Dataset entries
*****

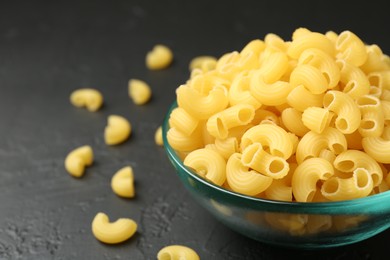 Photo of Raw horns pasta in bowl on black textured table, closeup. Space for text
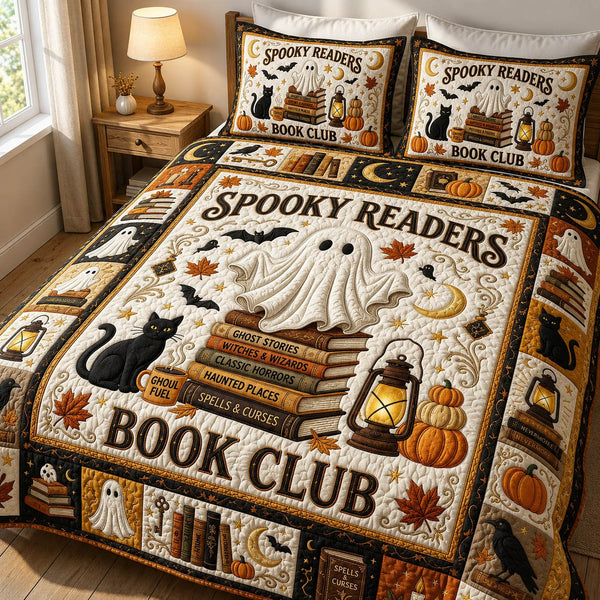 Spooky Readers quilted 3-piece bedding set on a made bed against a dark styled interior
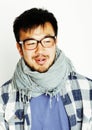 Young handsome asian man hipster in glasses on white background Royalty Free Stock Photo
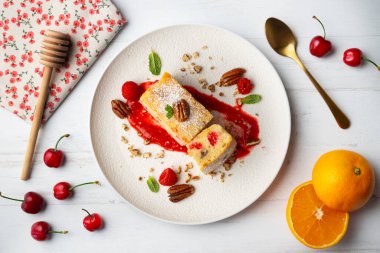 Cevizli, ahududulu, beyaz çikolatalı kek. Noel süslemeleri ile birlikte en üstteki masa..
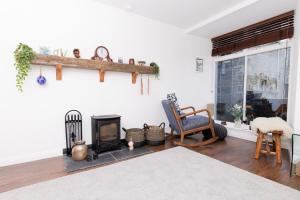 a living room with a fireplace and a stove at Bains Closs, Shetland Islands in Lerwick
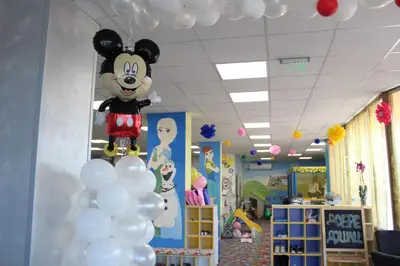 a room with a mickey mouse balloon hanging from the ceiling at Семеен Хотел Дани in Asenovgrad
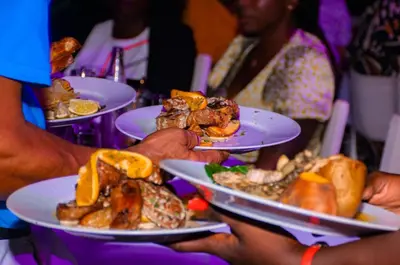a group of people holding plates of food on a table at Falucho Paradise Beach in Pedra Badejo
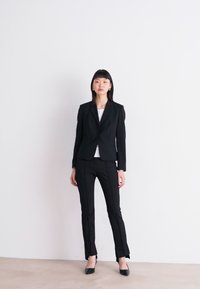 Black tailored suit with structured blazer and slim trousers, paired with a white top. Smooth fabric, minimalistic design, and classic fit.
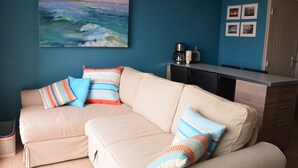 A living room with a beige sectional sofa, a coffee maker, and a painting of the ocean on the wall. - New waterfront rental with sea view (Plomodiern)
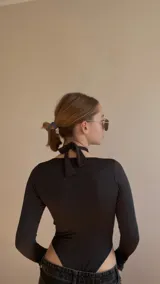 Body negro de lycra con escote cruzado y abertura en el pecho, atado atrás en el cuello y mangas largas.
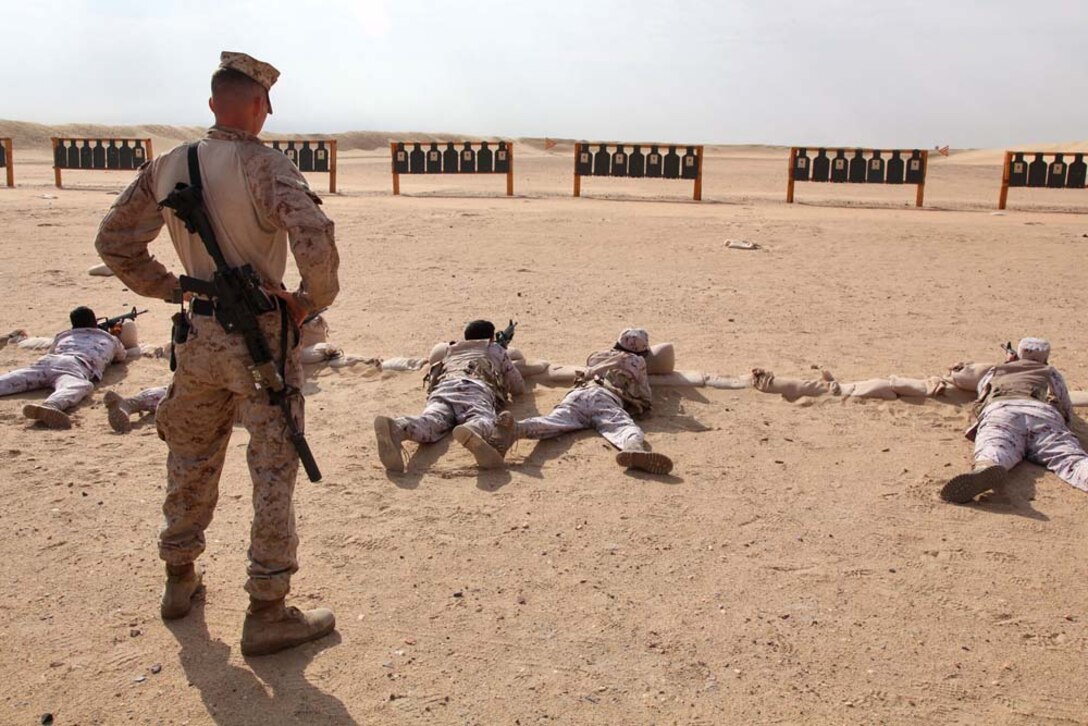 Staff Sgt. Nathan C. Stocking, platoon sergeant, Scout Sniper Platoon, Weapons Company, Battalion Landing Team 3/5, 15th Marine Expeditionary Unit, instructs members of the Kuwait Armed Forces in basic marksmanship techniques at a firing range near Camp Buehring during Exercise Eager Mace 13, Nov. 12. The U.S. Navy and Marine Corps participated in the bilateral training exercise with the Kuwait Armed Forces Nov. 11-21. The purpose of the exercise was to expand levels of cooperation, enhance mutual maritime capabilities, as well as promote long-term regional stability and interoperability between U.S. forces and regional partners. The 15th MEU is deployed as part of the Peleliu Amphibious Ready Group as a theater reserve and crisis response force throughout U.S. Central Command and the U.S. 5th Fleet area of responsibility. Stocking, 29, is from Phoenix, Ariz.  (U.S. Marine Corps photo by Cpl. Timothy Childers/Released)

*****

Your goal
While skipping the pictures, transcribe the data above from the line showing "a living room with a fireplace" through the line showing "Body negro de", exactly and with both ends.

Answer to this exercise
 a living room with a fireplace and a stove at Bains Closs, Shetland Islands in Lerwick
 a room with a mickey mouse balloon hanging from the ceiling at Семеен Хотел Дани in Asenovgrad
a group of people holding plates of food on a table at Falucho Paradise Beach in Pedra Badejo
 Black tailored suit with structured blazer and slim trousers, paired with a white top. Smooth fabric, minimalistic design, and classic fit.
 A living room with a beige sectional sofa, a coffee maker, and a painting of the ocean on the wall. - New waterfront rental with sea view (Plomodiern)
 Body negro de lycra con escote cruzado y abertura en el pecho, atado atrás en el cuello y mangas largas.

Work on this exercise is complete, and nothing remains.